The Texas Parks and Wildlife Department said it would close part of Galveston Bay to commercial and recreational oystering starting Monday after collecting a low amount of legal size oysters through sampling.
The department announced Thursday it would close part of the bay north of Port Bolivar and roughly between Texas City and Smith Point, on the west side of the bay.
“Sampling results indicate the number of legal oysters is very limited in these areas,” said Lance Robinson, the wildlife department’s deputy director of coastal fisheries. “This closure is designed to provide some protection to undersized oysters so they can reach legal sizes.”
The state tentatively plans to reopen the area in November, Robinson said.
In December, the wildlife department said oyster growth in Galveston Bay might be delayed by Hurricane Harvey. Thursday’s announcement did not connect the closures directly to the late August storm, however.
The announcement came about the same time that Texas Gov.

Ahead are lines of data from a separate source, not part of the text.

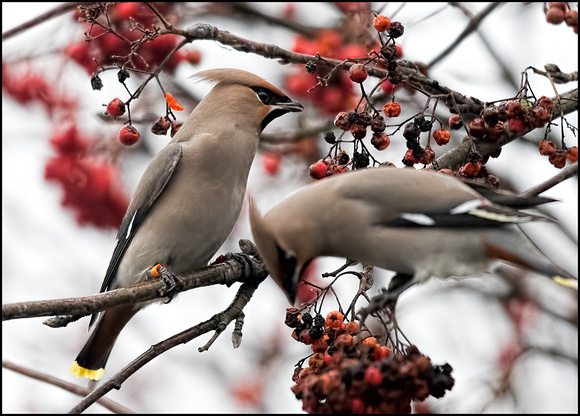 Ringed Waxwing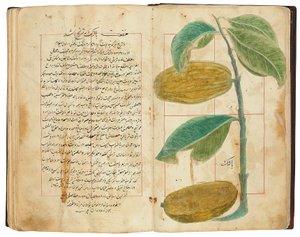 Hassan Bin Baqir Bin Jarrah: Gulzar Al-Rayahin, Qajar Irã de Persian School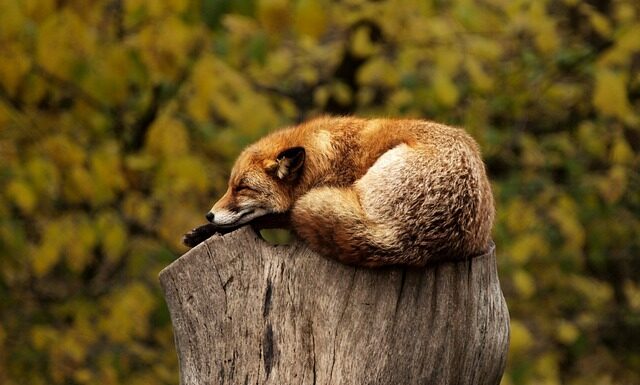 Czy spanie w zimnym pokoju jest zdrowe? Czy spanie w zimnym pokoju jest zdrowe?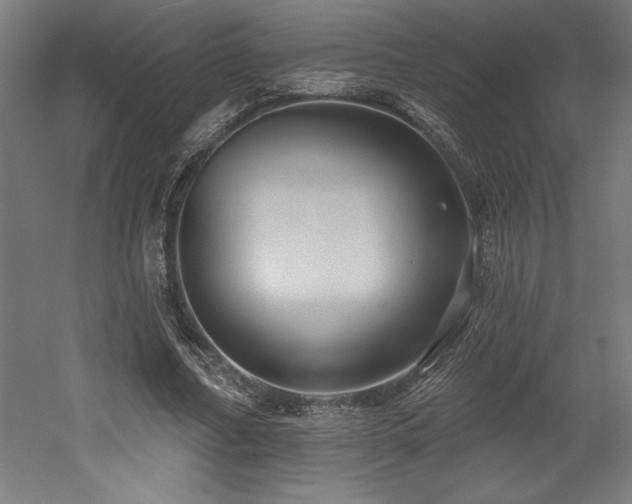 X0000053020682200507081326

Greg Abbott asked the U.S. Commerce Department to declare a federal fisheries disaster for the Texas coast.
“Commercial and recreation fisheries along the Texas coast from Nueces County to Jefferson County suffered overwhelming property losses as a result of damaging winds and torrential rainfall,” Abbott wrote. “The inability of businesses to open or conduct operation further compounded the economic losses of this region, as many individuals were without employment in the months following the storm.”
Abbott specifically cited the closure of oyster harvesting areas after the storm.
He also noted the damage done to bait shops, marinas and hotels along the Texas coast, and blamed the storm for a 20 percent decrease in fishing and hunting license sales since the storm.
The two-year federal budget passed by Congress last week included $200 million to the National Oceanic and Atmospheric Administration to help mitigate damage caused to fisheries by storms.